ENG497A.002 SENIOR SEMINAR
Bodies-Becoming & Identity Machines: Post/human Literatures
Prof. Eileen Joy

Fall 2008

Wednesdays 6:00 - 8:50 p.m. (Peck Hall 0408)

Figure 1. Francis Bacon, Man with Dog (1953)

". . . contrary to a deeply rooted belief, the book is not an image of the world. It forms a rhizome with the world, there is an aparallel evolution of the book and the world; the book assures the deterritorialization of the world, but the world effects a reterritorialization of the book, which in turn deterritorializes itself in the world (if it's capable, if it can). Mimicry is a very bad concept, since it relies on binary logic to describe phenomena of an entirely different nature. The crocodile does not reproduce a tree trunk, any more than the chameleon reproduces the colors of its surroundings. The Pink Panther imitates nothing, it reproduces nothing, it paints the world its color, pink on pink; this is its becoming-world, carried out in such a way that it becomes imperceptible itself, asignifying, makes its rupture, its own line of flight, follows its 'aparallel evolution' through to the end. The wisdom of the plants: even with something else -- with the wind, an animal, human beings (and there is also an aspect under which animals themselves form rhizomes, as do people, etc.). 'Drunkenness as a triumphant irruption of the plant in us.' Always follow the rhizome by rupture; lengthen, prolong, and relay the line of flight; make it vary, until you have produced the most abstract and tortuous of lines of N dimensions and broken directions. Conjugate deterritorialized flows. Follow the plants: you start by delimiting a first line consisting of circles of convergence around successive singularities; then you see whether inside that line new circles of convergence establish themselves, with new points located outside the limits and in other directions. Write, form a rhizome, increase your territory by deterritorialization, extend the line of flight to the point where it becomes an abstract machine covering the entire plane of consistency." (Gilles Deleuze and Feliz Guattari, from A Thousand Plateaus: Schizophrenia and Capitalism)
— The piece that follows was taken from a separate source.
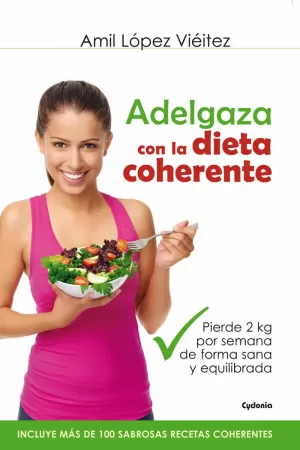 ADELGAZA CON LA DIETA COHERENTE ADELGAZA CON LA DIETA COHERENTE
". . . I would suggest that we, as we reflect on the European tradition of metamorphosis, are like Ovid's . . . Narcissus. For even if we gaze at our own reflection when we bow low over the pool of our literary past, that gazing is a mark of who we are, and who we are is, in part, what we have been. . . . [Stories] are a significant component of what we think with. Hence our self-reflexivity, our tendency to study ourselves, is a mark of the self we carry with us as we bend over the pool. Our concern with how we can change yet be the same thing -- our fascination with the question of identity in all its varieties -- is inherited from our traditions. The identity we carry with us questions -- and by questioning confirms -- itself. In this sense, we are all Narcissus, as we are also the werewolf, a constantly new thing that is nonetheless the same." (Caroline Walker Bynum, from Metamorphosis and Identity)

COURSE DESCRIPTION

In this course, we are going to explore how, following the thinking of Donna Haraway, the body does not end at the limits of the skin, but is dispersed across a world of affects, intensities, and objects. We will be especially interested in exploring hybridities and transformations of different "selves" that cross unexpected borders, from plant to insect to wolf to human to machine and beyond. Our scope will be broad, extending from stories of metamorphoses in the classical and medieval periods through the fairy tales of the so-called Enlightenment to the cyberpunk and cognitive fictions of the twentieth and twenty-first centuries. In addition, we will be reading some theoretical texts culled from a wide variety of academic fields. Our ultimate aim will be to have [hopefully] lively conversations about the nature of what it means to be "human" while also being "post/human," and also about the role of literature in human and other transformations of "self" and "world."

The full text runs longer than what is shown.